Smart data remediation and curation with the Federated DataOps API

As the world becomes more interconnected, data generated at distributed networks by people and machines creates many challenges. According to Gartner, the world generates more than 2.5 quintillion bytes a day, or about 500 million 2-hour HD movies per day. Data at various geographic locations might have different quality and provenance. To gain insights and nuggets of data from this massive amount of information, data scientists and data engineers spend an enormous amount of time cleansing, understanding, curating, and managing the data. It’s even more challenging orchestrating, understanding, and managing data at the edge of networks where devices or infrastructures in the distributed environments continually change as new devices or new network topology changes or the context changes.
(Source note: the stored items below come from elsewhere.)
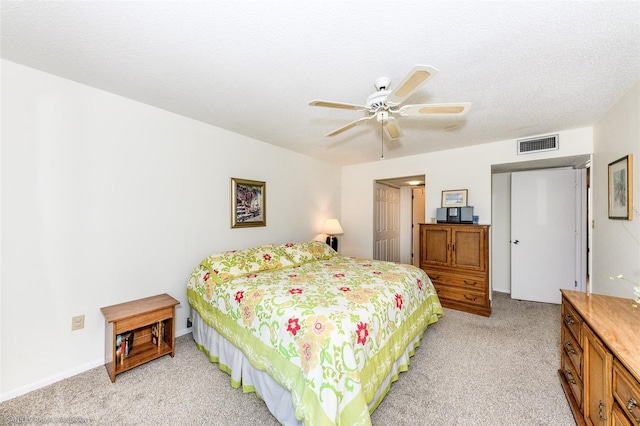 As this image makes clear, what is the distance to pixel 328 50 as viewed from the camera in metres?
1.60

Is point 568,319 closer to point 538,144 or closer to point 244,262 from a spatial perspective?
point 538,144

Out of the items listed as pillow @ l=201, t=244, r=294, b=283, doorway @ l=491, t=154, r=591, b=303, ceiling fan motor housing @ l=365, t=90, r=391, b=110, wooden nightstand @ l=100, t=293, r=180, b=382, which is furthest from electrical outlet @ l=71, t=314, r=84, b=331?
doorway @ l=491, t=154, r=591, b=303

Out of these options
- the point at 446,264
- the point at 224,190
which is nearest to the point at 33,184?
the point at 224,190

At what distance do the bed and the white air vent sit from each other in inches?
87.1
To solve these challenges as well as for self-managing without requiring manual intervention and getting the data prepared for AI pipelines, IBM researchers created two APIs: the Data Quality for AI API and the Federated DataOps API. The usage of these APIs depends on the use case.

The Data Quality for AI API performs quantification data quality by remediating data with explanation. The Federated DataOps API extends the Data Quality for AI API by solving data and label remediation for tabular text data sets in distributed environments. Each function provides a quality score and an explanation towards remediation. These metrics quantify data issues as a score between 0 and 1, where 1 indicates no issues were detected and any value less than one indicates that data needs to be corrected. Currently, these metrics are for text tabular data sets and accept the input in the form of a comma or CSV file format.

Version 1.0 of the Federated DataOps API is concerned with accessing data quality for a single distributed site. Future iterations planned for the library are to enable federated distributed data quality assessments, such as schema reconciliation methods like column mapping and label standardization.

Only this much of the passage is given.